++++ Excerpted records
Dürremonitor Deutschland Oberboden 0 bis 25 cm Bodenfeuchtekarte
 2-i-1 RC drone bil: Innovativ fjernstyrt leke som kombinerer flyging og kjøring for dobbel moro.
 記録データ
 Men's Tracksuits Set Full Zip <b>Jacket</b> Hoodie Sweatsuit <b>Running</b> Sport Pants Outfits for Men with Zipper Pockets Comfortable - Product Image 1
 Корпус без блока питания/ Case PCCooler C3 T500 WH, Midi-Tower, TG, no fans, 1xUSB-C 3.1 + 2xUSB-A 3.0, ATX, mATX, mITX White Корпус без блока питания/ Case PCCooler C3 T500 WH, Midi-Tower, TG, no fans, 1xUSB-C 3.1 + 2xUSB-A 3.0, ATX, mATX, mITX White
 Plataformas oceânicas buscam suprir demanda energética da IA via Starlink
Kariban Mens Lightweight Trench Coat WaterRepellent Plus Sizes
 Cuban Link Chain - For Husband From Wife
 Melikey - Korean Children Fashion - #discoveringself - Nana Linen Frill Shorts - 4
++++++++
**Exercise prompt:** With the line containing "Plataformas oceânicas buscam" as the first, output each line through the final line of the entries above, exactly.

**Answer space:**
 Plataformas oceânicas buscam suprir demanda energética da IA via Starlink
Kariban Mens Lightweight Trench Coat WaterRepellent Plus Sizes
 Cuban Link Chain - For Husband From Wife
 Melikey - Korean Children Fashion - #discoveringself - Nana Linen Frill Shorts - 4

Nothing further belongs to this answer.